### Instructions to follow
The required result is each line of the entries below containing the string "fully".

### Working data

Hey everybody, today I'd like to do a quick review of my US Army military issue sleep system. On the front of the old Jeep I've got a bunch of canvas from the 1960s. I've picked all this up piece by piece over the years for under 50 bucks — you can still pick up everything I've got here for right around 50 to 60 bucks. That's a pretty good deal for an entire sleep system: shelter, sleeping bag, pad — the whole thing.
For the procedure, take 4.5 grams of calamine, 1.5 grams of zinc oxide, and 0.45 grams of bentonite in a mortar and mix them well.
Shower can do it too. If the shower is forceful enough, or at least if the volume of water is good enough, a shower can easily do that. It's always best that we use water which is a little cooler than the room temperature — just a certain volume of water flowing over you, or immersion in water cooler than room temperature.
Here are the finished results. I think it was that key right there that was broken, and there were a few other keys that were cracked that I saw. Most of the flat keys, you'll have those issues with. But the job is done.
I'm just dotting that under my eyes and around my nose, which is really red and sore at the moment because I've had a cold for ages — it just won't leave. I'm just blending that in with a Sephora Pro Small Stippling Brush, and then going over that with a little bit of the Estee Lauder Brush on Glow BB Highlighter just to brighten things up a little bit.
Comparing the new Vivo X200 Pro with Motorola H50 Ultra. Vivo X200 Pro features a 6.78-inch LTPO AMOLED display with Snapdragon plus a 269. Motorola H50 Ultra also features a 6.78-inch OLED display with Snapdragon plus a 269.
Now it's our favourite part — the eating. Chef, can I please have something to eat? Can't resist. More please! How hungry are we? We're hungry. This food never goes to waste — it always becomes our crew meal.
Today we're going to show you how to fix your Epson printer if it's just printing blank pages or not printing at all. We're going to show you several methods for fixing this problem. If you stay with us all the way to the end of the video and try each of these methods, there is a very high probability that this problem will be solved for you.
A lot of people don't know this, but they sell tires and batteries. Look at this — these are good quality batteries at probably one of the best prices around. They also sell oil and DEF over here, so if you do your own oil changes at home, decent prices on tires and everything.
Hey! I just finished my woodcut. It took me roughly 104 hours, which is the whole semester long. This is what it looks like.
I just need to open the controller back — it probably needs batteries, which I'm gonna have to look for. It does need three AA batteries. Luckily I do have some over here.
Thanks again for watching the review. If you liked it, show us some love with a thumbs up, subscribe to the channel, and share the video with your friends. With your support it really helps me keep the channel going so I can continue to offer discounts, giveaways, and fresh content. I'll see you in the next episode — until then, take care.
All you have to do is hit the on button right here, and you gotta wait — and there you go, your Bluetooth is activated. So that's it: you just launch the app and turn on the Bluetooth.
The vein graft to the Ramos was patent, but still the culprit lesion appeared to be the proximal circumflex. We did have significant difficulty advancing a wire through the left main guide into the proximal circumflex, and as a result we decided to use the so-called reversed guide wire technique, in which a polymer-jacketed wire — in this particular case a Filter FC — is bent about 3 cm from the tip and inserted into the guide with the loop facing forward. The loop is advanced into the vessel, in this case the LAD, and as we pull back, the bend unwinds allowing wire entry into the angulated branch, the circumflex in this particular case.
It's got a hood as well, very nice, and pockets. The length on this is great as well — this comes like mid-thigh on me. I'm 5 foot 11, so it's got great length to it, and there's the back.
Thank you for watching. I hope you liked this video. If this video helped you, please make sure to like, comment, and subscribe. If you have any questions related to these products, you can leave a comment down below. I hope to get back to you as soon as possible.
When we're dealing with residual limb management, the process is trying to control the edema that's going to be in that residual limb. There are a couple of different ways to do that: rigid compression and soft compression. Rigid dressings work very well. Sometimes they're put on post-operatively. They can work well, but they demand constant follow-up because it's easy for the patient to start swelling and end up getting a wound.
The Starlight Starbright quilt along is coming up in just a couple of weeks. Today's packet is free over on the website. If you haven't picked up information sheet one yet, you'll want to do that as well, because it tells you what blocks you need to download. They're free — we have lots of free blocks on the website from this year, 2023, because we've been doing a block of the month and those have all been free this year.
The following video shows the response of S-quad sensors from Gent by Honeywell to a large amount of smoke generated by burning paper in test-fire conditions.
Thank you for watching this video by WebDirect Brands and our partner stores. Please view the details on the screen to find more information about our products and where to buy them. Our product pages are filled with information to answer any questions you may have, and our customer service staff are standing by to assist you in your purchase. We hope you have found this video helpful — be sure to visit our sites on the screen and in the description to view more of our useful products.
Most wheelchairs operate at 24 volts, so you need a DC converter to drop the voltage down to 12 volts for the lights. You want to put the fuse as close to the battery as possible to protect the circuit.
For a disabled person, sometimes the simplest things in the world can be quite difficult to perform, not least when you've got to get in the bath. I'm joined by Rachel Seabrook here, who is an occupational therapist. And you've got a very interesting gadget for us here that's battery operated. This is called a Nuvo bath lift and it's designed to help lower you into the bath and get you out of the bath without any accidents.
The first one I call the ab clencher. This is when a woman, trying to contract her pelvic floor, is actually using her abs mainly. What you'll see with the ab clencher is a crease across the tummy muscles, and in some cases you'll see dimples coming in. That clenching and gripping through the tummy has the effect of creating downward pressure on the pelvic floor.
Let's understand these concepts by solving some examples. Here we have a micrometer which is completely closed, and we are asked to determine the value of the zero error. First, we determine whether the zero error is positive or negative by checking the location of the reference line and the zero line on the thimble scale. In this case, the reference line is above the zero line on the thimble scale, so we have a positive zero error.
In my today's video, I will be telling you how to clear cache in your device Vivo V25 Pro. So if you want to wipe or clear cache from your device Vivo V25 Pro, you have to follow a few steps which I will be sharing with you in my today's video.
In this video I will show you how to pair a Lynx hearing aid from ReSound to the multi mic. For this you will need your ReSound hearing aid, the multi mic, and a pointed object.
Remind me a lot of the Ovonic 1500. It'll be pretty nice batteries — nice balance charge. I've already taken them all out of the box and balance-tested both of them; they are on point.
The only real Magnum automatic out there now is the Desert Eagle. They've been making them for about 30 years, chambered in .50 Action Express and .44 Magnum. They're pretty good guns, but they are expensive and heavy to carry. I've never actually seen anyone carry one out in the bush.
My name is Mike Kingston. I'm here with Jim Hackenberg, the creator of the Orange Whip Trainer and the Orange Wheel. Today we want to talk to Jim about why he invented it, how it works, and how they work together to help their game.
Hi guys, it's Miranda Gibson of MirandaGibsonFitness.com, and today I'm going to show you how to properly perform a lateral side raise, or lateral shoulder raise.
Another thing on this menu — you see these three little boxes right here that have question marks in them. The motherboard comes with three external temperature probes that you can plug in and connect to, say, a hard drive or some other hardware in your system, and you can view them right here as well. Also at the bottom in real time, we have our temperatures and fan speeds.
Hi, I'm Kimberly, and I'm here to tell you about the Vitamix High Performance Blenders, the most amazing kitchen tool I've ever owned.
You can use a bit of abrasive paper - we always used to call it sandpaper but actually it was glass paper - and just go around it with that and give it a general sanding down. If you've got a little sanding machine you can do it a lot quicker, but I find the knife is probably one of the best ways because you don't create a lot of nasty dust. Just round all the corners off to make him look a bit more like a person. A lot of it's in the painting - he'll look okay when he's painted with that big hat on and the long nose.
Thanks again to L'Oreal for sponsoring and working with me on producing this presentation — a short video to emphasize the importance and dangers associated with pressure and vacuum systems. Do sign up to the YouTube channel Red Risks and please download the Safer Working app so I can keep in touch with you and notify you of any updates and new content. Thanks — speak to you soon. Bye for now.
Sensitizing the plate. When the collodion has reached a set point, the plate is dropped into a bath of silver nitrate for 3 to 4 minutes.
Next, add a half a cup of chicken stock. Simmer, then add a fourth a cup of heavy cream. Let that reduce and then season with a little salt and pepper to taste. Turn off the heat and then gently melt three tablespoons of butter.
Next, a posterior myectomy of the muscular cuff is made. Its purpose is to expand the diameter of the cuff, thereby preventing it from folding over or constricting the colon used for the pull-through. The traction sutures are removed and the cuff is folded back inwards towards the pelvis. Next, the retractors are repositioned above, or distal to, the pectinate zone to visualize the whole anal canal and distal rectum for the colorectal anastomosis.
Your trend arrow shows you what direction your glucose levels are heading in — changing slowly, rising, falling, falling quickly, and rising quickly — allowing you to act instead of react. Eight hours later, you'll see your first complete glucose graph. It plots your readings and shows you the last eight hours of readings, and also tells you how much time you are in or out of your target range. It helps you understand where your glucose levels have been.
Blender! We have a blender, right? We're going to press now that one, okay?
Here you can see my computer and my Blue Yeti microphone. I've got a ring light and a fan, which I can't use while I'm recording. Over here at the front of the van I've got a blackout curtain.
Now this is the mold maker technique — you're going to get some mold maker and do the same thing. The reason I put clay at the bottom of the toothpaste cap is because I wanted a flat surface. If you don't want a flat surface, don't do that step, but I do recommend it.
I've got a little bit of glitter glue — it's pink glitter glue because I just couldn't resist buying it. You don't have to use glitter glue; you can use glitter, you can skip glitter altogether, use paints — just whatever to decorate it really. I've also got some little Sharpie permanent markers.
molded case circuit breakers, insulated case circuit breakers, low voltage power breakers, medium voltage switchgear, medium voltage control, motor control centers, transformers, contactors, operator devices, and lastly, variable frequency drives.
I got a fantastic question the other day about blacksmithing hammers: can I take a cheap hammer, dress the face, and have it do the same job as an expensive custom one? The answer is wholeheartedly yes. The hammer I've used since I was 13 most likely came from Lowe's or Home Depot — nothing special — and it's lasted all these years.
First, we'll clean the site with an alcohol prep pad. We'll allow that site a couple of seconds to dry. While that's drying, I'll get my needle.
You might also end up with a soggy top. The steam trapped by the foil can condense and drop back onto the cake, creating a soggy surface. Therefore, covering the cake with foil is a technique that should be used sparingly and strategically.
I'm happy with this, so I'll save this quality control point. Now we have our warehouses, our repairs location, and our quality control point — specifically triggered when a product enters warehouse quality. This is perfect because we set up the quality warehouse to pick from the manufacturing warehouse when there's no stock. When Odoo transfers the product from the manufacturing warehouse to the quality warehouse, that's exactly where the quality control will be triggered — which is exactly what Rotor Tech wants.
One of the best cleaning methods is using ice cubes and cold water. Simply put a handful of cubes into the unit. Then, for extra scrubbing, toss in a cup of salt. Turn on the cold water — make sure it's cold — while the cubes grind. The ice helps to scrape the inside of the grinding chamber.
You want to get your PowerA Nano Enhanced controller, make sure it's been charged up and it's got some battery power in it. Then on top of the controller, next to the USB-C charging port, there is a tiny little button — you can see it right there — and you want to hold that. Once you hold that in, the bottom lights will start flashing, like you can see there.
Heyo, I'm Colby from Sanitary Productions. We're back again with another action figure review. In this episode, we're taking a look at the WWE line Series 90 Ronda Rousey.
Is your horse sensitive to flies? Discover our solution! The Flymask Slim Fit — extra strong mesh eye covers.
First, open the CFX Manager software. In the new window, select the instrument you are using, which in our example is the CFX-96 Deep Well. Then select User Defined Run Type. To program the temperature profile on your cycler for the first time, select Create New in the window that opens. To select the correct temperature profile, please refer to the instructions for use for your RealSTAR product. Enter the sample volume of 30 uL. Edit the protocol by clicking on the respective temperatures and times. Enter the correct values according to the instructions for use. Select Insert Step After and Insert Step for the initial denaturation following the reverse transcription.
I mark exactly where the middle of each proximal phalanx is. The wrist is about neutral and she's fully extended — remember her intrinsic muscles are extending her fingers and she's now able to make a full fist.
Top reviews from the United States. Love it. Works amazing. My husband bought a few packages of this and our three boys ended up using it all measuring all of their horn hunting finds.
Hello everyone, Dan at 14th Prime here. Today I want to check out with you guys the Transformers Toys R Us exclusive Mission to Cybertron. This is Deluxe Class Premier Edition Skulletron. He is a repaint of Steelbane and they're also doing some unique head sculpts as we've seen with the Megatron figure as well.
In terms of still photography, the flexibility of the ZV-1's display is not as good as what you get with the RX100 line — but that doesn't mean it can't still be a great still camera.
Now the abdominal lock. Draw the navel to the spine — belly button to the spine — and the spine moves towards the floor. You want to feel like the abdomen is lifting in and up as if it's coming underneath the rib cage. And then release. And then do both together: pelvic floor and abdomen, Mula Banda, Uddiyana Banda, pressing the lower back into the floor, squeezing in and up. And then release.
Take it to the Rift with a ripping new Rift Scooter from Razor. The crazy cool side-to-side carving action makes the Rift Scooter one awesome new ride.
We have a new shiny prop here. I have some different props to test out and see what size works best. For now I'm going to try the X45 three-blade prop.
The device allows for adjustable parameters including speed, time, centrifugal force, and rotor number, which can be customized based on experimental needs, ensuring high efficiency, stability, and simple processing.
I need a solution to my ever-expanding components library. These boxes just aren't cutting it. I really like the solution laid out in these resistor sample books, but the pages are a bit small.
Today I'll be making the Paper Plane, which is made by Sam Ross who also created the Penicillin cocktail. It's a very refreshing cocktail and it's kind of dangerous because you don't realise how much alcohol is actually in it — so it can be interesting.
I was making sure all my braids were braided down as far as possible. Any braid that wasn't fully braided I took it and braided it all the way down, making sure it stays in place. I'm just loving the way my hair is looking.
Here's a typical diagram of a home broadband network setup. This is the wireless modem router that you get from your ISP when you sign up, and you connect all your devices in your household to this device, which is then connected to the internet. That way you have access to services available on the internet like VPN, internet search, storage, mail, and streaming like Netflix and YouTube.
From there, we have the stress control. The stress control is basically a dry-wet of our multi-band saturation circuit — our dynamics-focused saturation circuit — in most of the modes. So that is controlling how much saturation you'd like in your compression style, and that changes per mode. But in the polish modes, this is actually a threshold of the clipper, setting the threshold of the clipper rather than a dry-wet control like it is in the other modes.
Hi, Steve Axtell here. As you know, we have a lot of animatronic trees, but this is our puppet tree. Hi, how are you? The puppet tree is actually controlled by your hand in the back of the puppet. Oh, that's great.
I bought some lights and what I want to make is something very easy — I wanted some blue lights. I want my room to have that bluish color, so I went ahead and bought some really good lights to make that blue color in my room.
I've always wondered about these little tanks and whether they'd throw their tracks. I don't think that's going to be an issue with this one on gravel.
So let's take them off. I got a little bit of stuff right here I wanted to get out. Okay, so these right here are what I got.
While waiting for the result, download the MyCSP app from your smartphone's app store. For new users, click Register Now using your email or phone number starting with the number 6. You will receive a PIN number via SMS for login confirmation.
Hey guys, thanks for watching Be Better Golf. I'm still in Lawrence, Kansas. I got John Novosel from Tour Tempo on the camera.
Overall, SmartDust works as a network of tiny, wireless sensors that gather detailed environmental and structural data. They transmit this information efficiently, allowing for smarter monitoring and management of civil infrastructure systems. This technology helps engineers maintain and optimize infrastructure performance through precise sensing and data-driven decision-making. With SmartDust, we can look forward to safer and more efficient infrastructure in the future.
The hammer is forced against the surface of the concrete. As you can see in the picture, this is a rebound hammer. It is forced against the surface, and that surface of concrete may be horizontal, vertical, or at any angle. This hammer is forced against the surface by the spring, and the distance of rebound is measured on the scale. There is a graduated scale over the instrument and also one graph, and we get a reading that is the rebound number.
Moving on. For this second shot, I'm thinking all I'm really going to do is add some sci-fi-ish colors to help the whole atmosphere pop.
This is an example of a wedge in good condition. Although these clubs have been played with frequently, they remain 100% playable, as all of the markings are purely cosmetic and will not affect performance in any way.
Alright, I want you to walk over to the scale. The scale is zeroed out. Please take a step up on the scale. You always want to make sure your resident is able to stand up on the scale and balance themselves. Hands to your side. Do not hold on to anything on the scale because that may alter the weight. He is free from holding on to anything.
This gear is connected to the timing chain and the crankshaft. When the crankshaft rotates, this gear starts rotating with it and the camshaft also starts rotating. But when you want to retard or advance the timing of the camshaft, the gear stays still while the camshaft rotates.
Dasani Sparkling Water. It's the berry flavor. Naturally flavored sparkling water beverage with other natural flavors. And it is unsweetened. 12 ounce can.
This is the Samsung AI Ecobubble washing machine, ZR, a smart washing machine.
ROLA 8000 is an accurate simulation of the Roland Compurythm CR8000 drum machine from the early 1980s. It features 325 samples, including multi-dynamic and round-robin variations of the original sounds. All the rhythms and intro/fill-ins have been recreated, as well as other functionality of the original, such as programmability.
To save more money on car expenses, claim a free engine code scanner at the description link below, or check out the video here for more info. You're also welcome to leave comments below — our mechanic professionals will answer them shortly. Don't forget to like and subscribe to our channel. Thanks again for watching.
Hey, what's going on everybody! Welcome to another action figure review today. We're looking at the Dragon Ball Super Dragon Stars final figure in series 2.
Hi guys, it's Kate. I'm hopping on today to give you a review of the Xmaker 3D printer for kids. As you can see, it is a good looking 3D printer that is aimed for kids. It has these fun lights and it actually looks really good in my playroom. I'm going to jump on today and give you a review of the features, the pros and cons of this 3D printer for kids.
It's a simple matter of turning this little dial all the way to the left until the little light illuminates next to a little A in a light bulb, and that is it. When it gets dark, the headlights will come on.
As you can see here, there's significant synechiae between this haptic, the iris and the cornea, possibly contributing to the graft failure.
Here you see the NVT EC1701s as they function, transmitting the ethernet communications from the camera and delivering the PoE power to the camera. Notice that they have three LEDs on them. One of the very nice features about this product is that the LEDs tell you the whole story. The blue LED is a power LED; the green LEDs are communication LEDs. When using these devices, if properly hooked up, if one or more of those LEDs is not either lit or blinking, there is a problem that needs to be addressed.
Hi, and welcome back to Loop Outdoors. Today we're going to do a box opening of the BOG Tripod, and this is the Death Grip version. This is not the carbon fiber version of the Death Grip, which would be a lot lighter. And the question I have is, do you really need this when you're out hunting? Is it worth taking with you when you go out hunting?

### Answer space
I mark exactly where the middle of each proximal phalanx is. The wrist is about neutral and she's fully extended — remember her intrinsic muscles are extending her fingers and she's now able to make a full fist.
I was making sure all my braids were braided down as far as possible. Any braid that wasn't fully braided I took it and braided it all the way down, making sure it stays in place. I'm just loving the way my hair is looking.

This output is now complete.